Short descriptive text snippets:
---
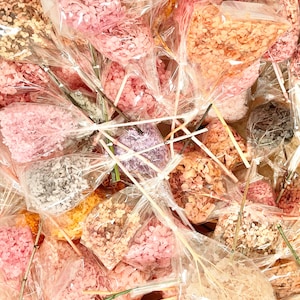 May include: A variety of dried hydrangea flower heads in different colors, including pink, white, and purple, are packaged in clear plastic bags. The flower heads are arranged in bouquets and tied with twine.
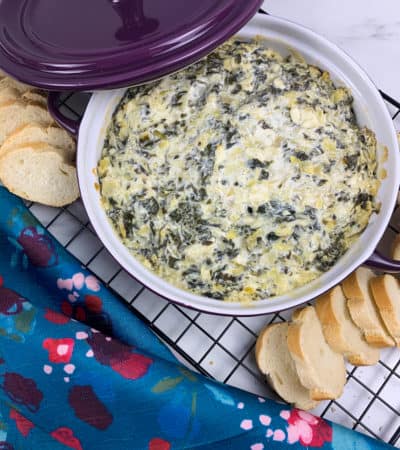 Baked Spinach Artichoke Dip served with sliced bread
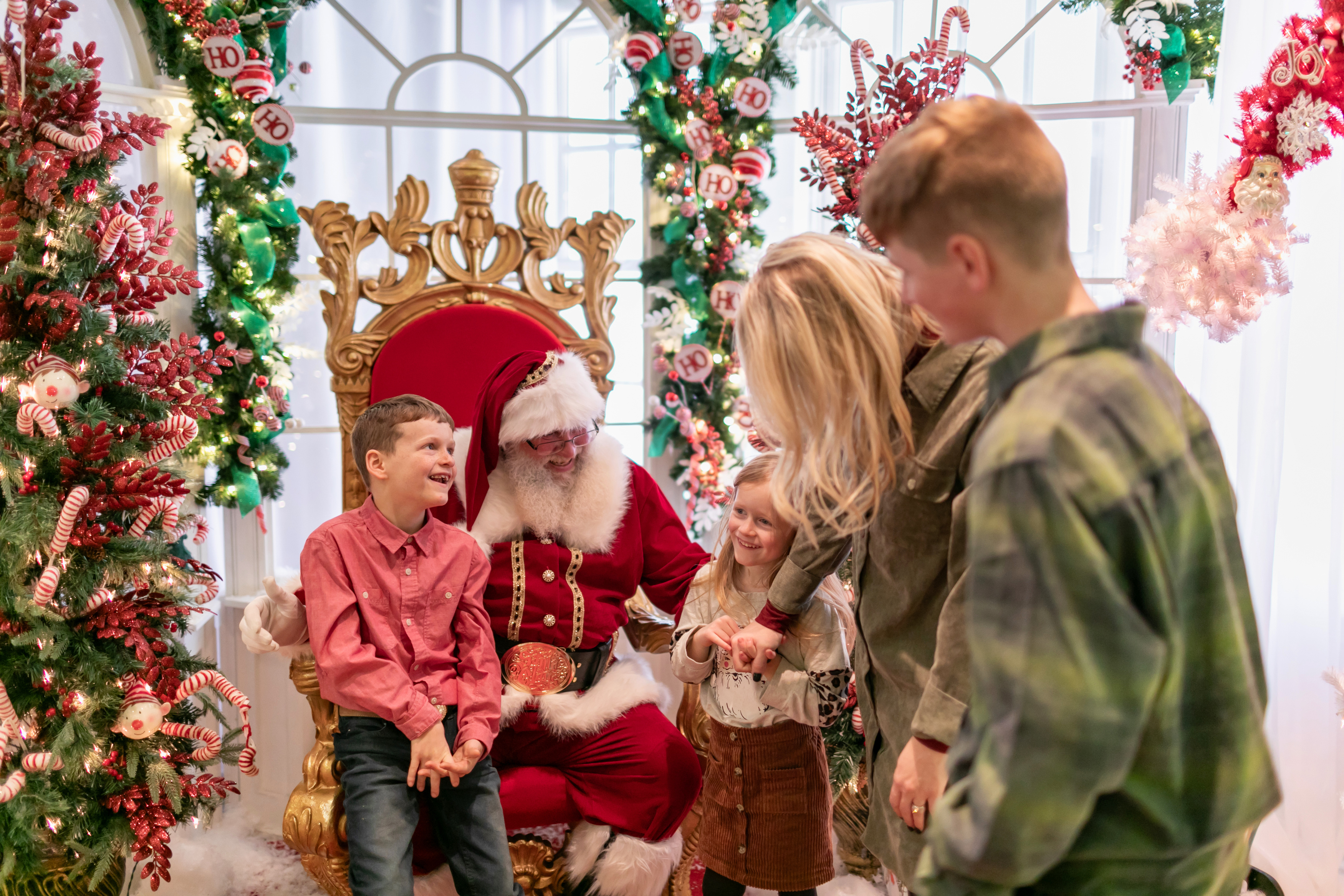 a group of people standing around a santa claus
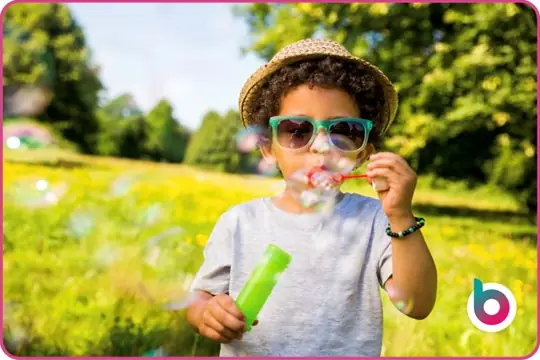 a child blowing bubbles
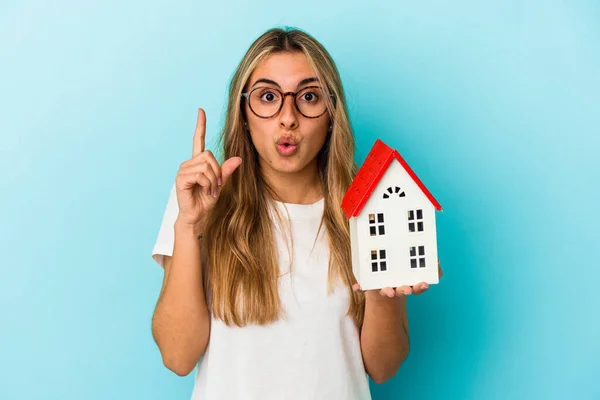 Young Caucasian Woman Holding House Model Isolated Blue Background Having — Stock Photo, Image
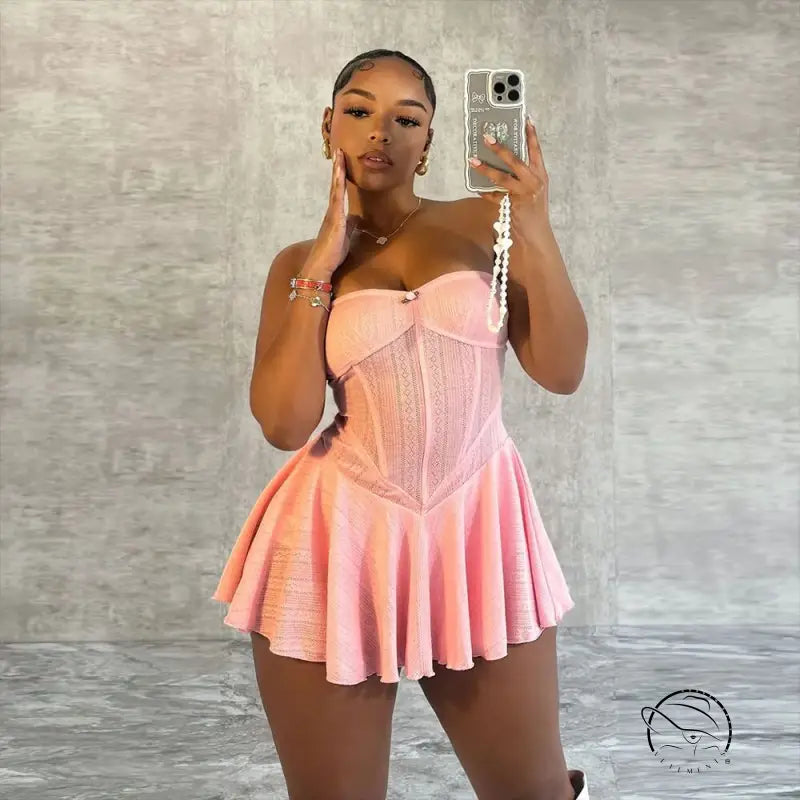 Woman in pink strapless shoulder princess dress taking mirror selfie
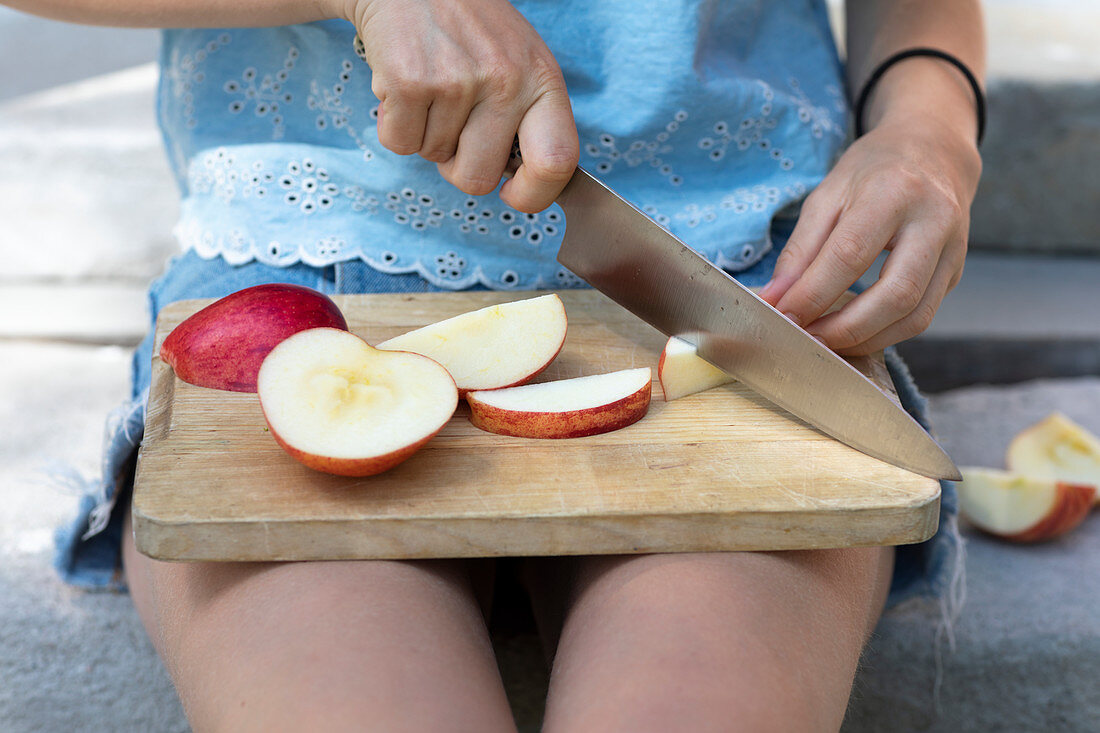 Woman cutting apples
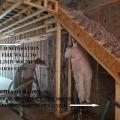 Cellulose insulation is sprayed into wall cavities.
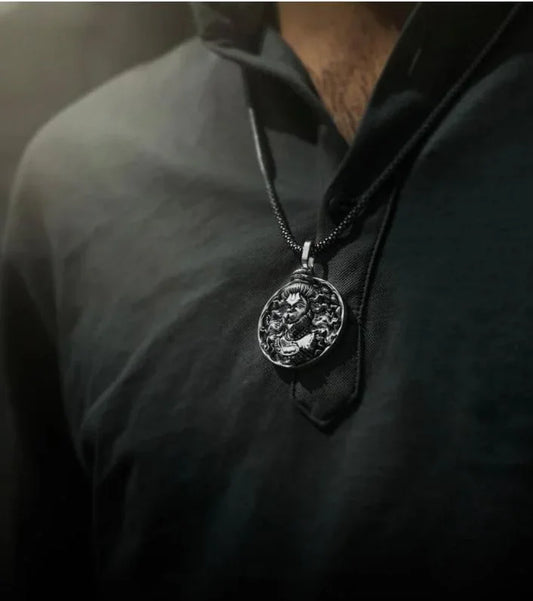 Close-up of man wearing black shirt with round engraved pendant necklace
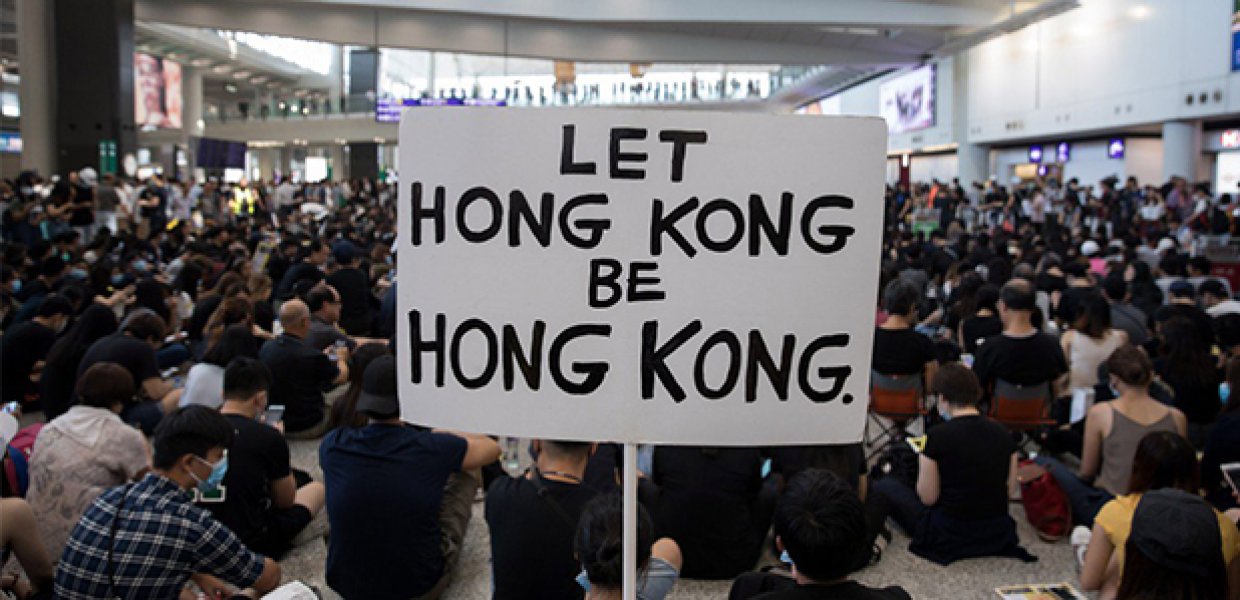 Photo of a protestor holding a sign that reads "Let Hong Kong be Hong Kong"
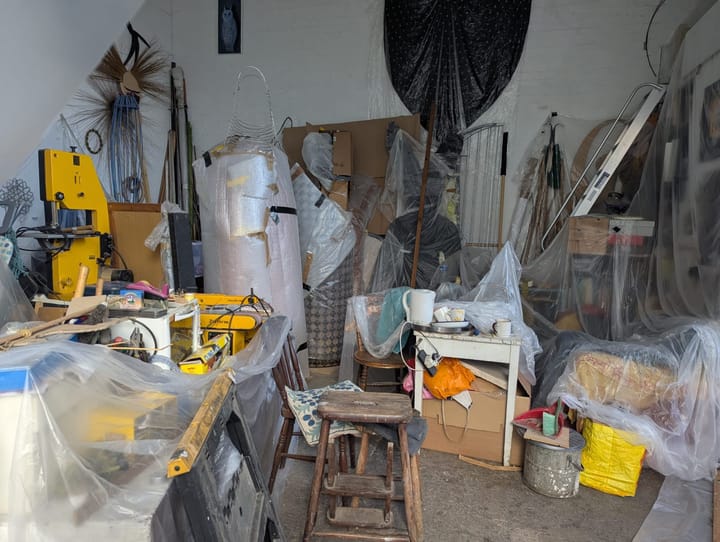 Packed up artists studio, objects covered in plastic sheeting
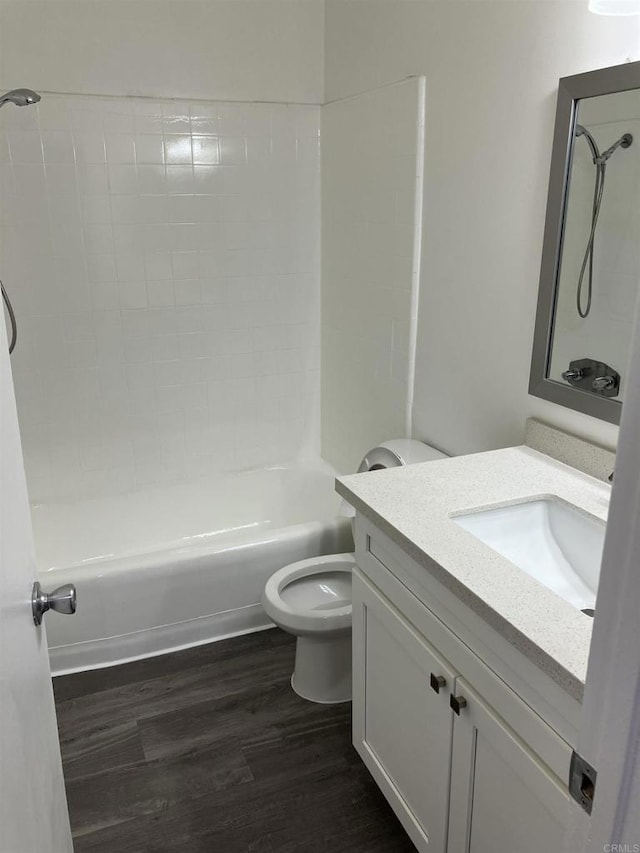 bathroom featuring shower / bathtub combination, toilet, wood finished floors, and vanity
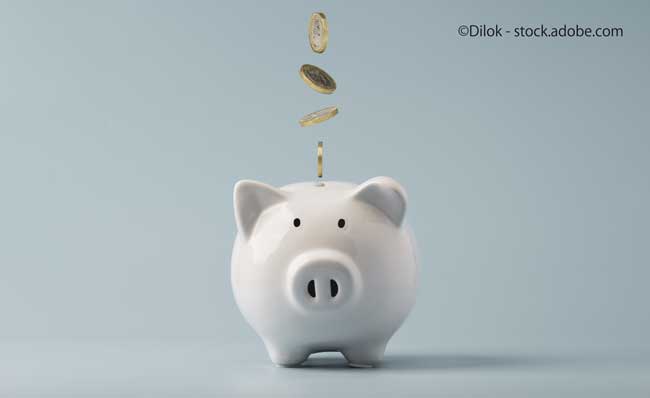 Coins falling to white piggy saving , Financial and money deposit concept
---
> _YOUR GOAL_:
When you retype the data above, match every line exactly and leave the pictures behind.

> _SOLVED PROBLEM_:
 May include: A variety of dried hydrangea flower heads in different colors, including pink, white, and purple, are packaged in clear plastic bags. The flower heads are arranged in bouquets and tied with twine.
 Baked Spinach Artichoke Dip served with sliced bread
 a group of people standing around a santa claus
 a child blowing bubbles
 Young Caucasian Woman Holding House Model Isolated Blue Background Having — Stock Photo, Image
 Woman in pink strapless shoulder princess dress taking mirror selfie
 Woman cutting apples
 Cellulose insulation is sprayed into wall cavities.
 Close-up of man wearing black shirt with round engraved pendant necklace
 Photo of a protestor holding a sign that reads "Let Hong Kong be Hong Kong"
 Packed up artists studio, objects covered in plastic sheeting
 bathroom featuring shower / bathtub combination, toilet, wood finished floors, and vanity
 Coins falling to white piggy saving , Financial and money deposit concept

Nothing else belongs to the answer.